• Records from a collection
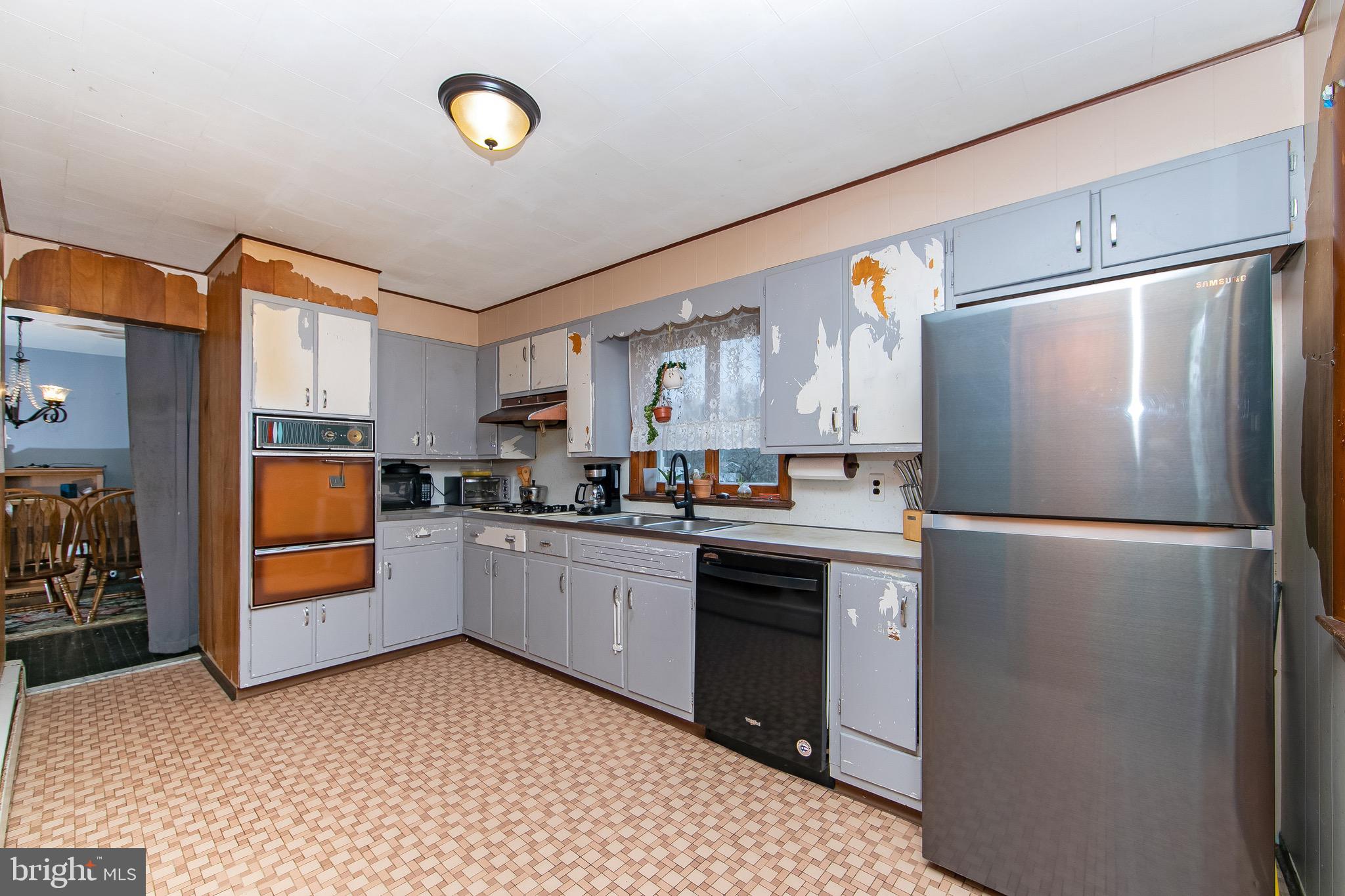 15 East Spring Street Pine Hill, NJ 08021 - Photo 9 of 38 a kitchen with a refrigerator and a sink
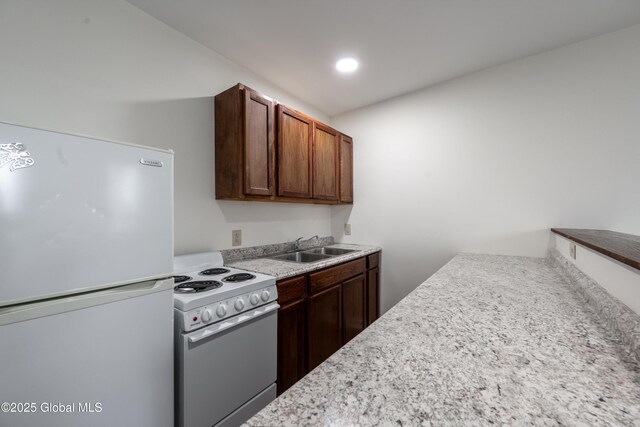 128 Circular St, Saratoga Springs, NY 12866 - kitchen featuring white appliances and light countertops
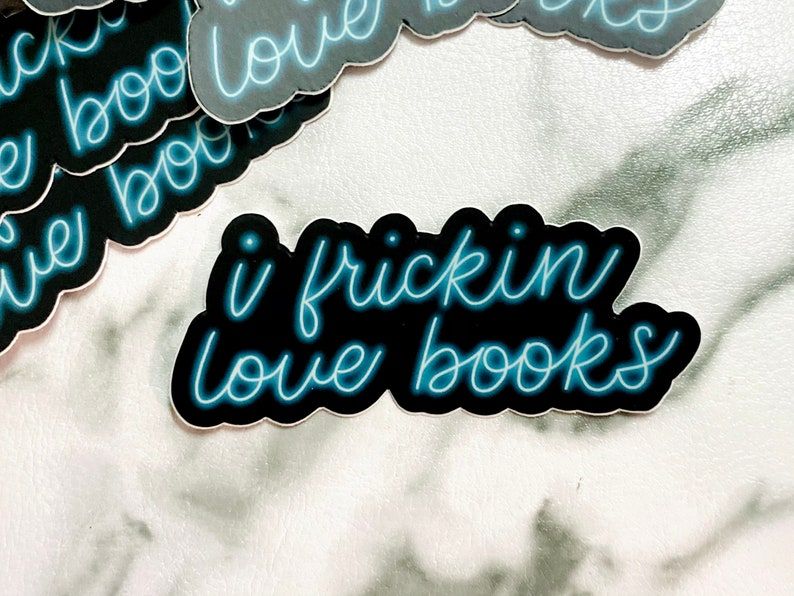 Black sticker with electric blue writing. The writing reads "i frickin love books."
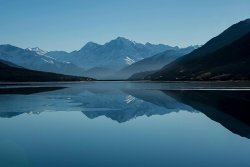 Snow-capped mountains reflected in a calm alpine lake Mountain lake reflecting snow-capped peaks under blue sky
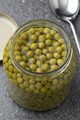 Glass jar with small green peas close up - PhotoDune Item for Sale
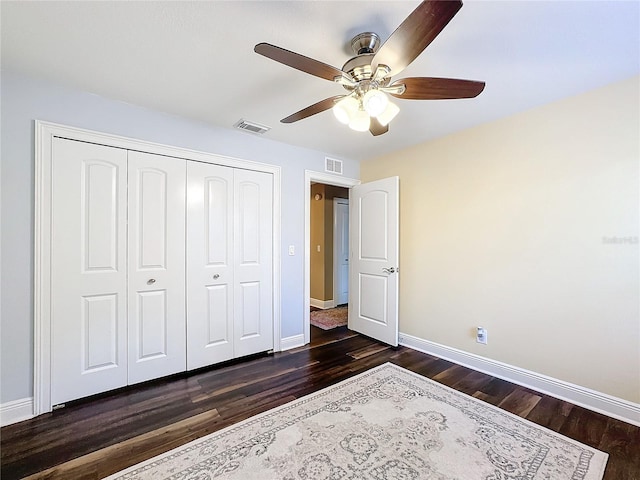 bedroom with dark hardwood / wood-style flooring, a closet, and ceiling fan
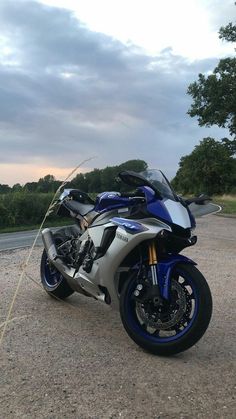 a blue and silver motorcycle parked on the side of the road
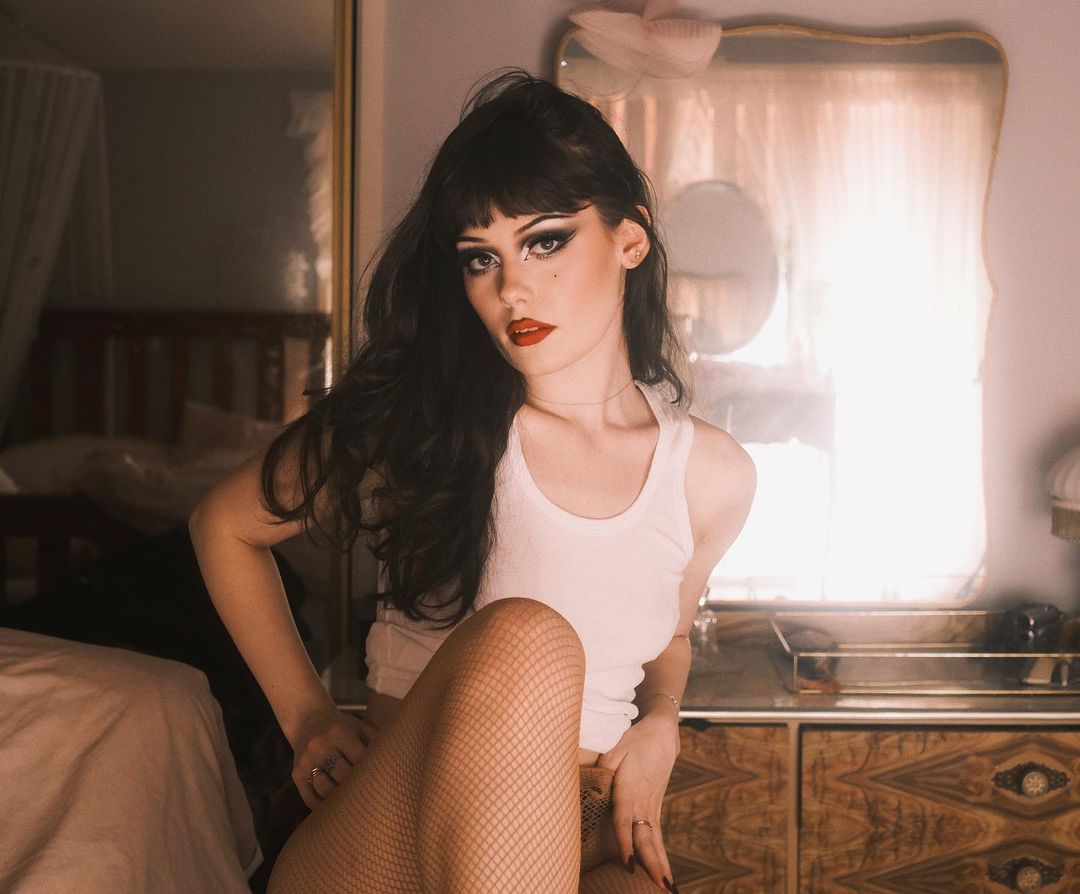 A young adult female poses indoors, wearing a white tank top and fishnet stockings, with dark hair and bold makeup, seated by a wooden dresser.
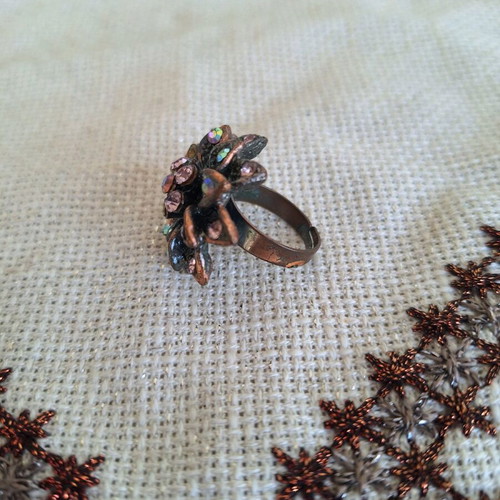 Bronze flower ring with pink rhinestones used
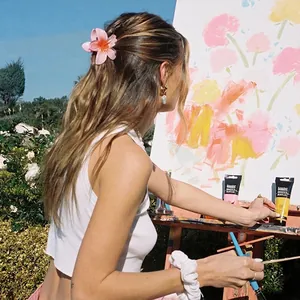 Pink matte lily flower hair claw clip worn by a model painting in an outdoor garden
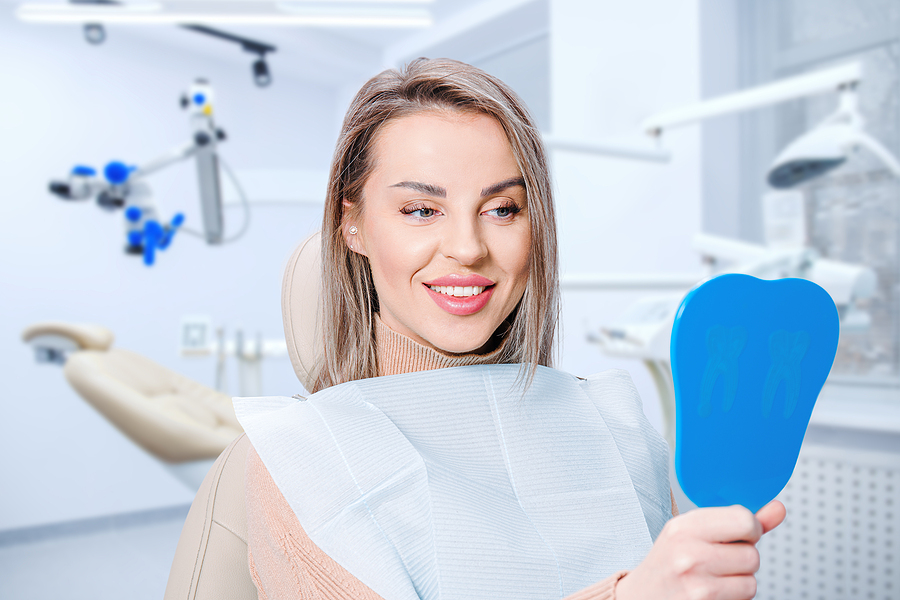 Happy Attractive Woman Looking At Her Teeth In Mirror. Satisfied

• What to produce
Retype the data exactly; images stay out.

• Your solution
 15 East Spring Street Pine Hill, NJ 08021 - Photo 9 of 38 a kitchen with a refrigerator and a sink
 128 Circular St, Saratoga Springs, NY 12866 - kitchen featuring white appliances and light countertops
 Black sticker with electric blue writing. The writing reads "i frickin love books."
 Snow-capped mountains reflected in a calm alpine lake Mountain lake reflecting snow-capped peaks under blue sky
 Glass jar with small green peas close up - PhotoDune Item for Sale
 bedroom with dark hardwood / wood-style flooring, a closet, and ceiling fan
 a blue and silver motorcycle parked on the side of the road
 A young adult female poses indoors, wearing a white tank top and fishnet stockings, with dark hair and bold makeup, seated by a wooden dresser.
 Bronze flower ring with pink rhinestones used
 Pink matte lily flower hair claw clip worn by a model painting in an outdoor garden
 Happy Attractive Woman Looking At Her Teeth In Mirror. Satisfied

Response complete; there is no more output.